Provided records:

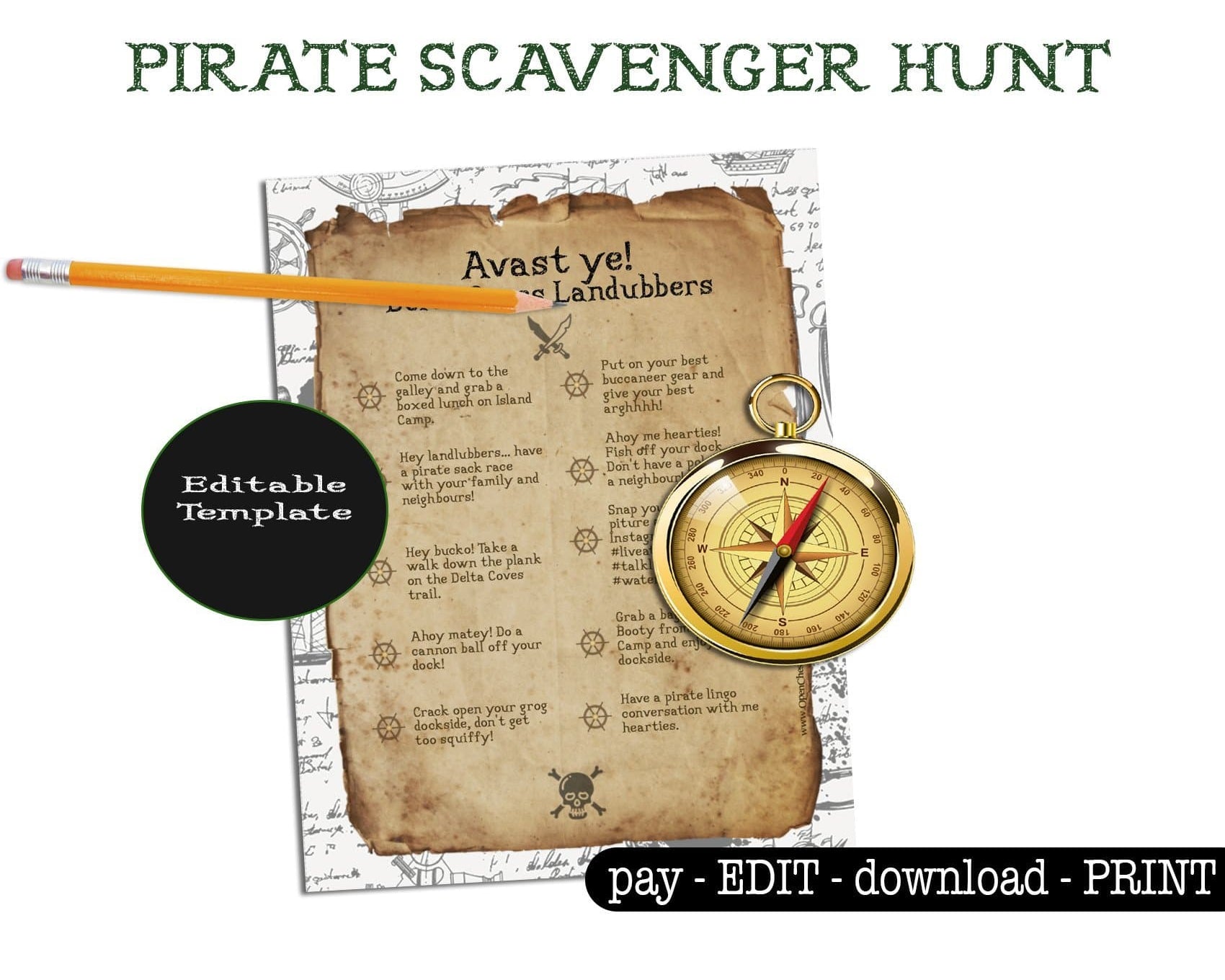 Pirate Scavenger Hunt - Open Chests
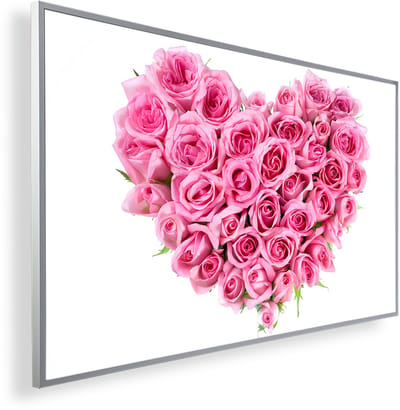 Infrarood Verwarmingspaneel 300W met fotomotief en Smart Thermostaat (5 jaar Garantie) - Hartjes Bloemen 178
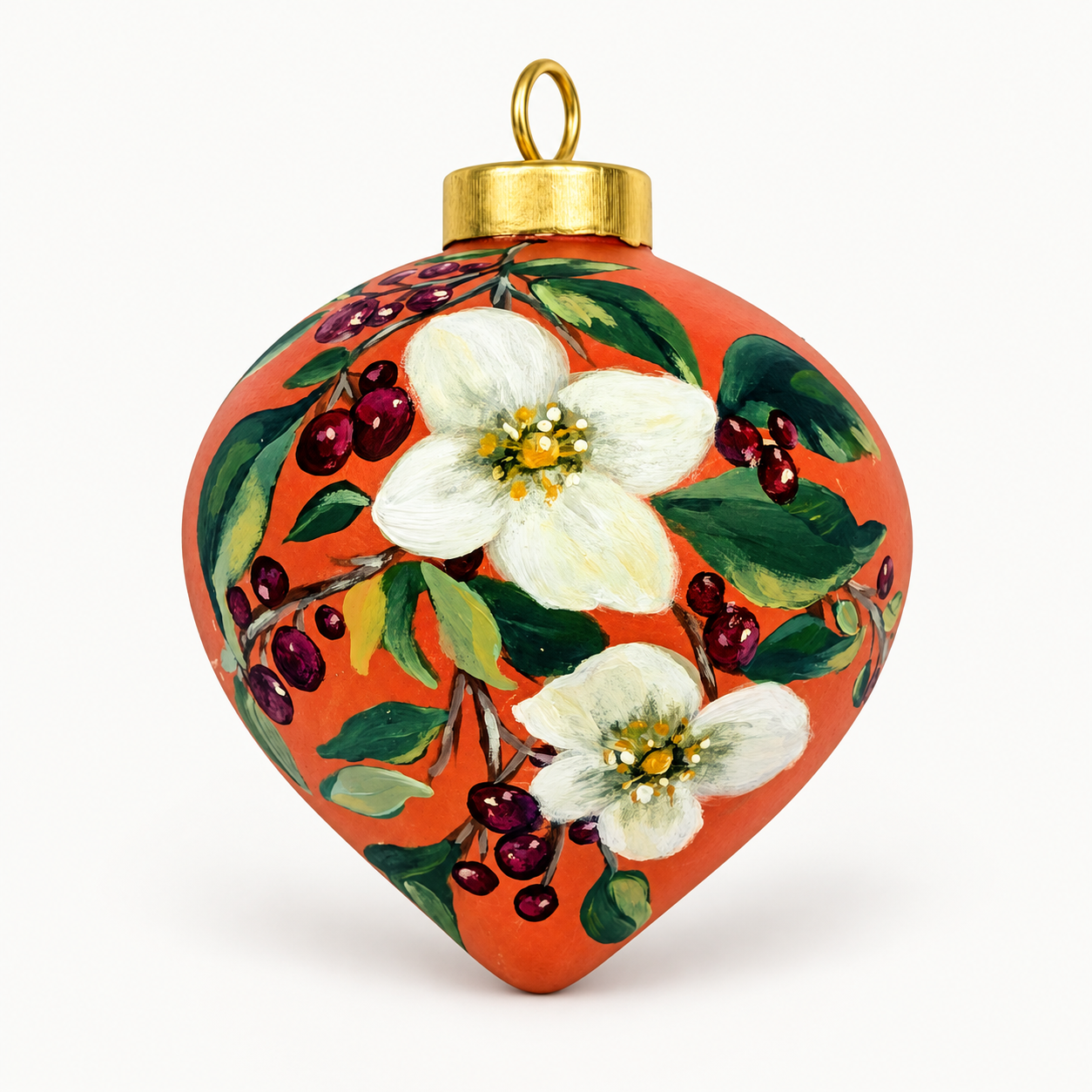 Coral teardrop ornament with white flowers-1.png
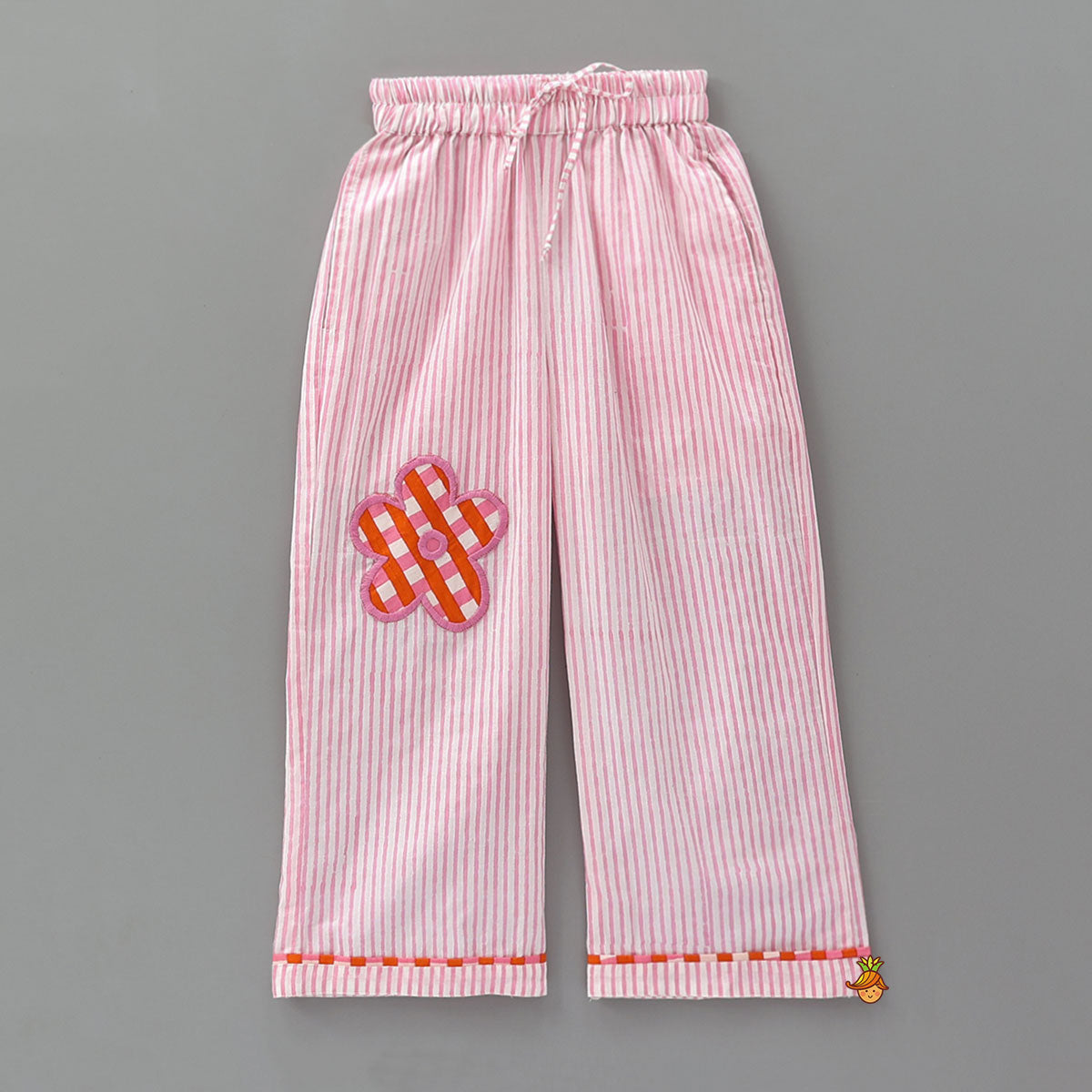 Pre Order: Striped Printed Floral Sleepwear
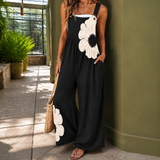 Dahlia Floral Jumpsuit - Black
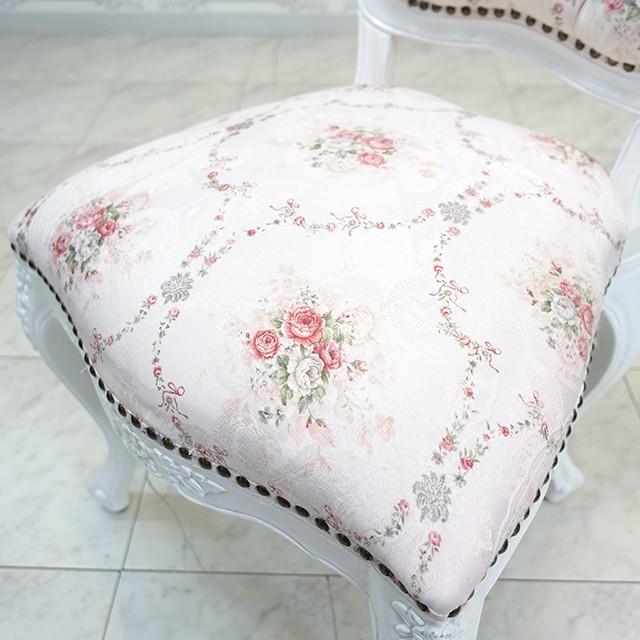 アンティーク シングルチェア サイドチェア ダイニングチェア　食卓椅子 姫系 ロココ フレンチ　イタリー　エレガント　パーソナルチェア 6085-18F116B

Description of the task: Give back exactly the lines from the line with "Dahlia Floral Jumpsuit - Black" through the end of the material above, and omit every picture.

Solution:
 Dahlia Floral Jumpsuit - Black
 アンティーク シングルチェア サイドチェア ダイニングチェア　食卓椅子 姫系 ロココ フレンチ　イタリー　エレガント　パーソナルチェア 6085-18F116B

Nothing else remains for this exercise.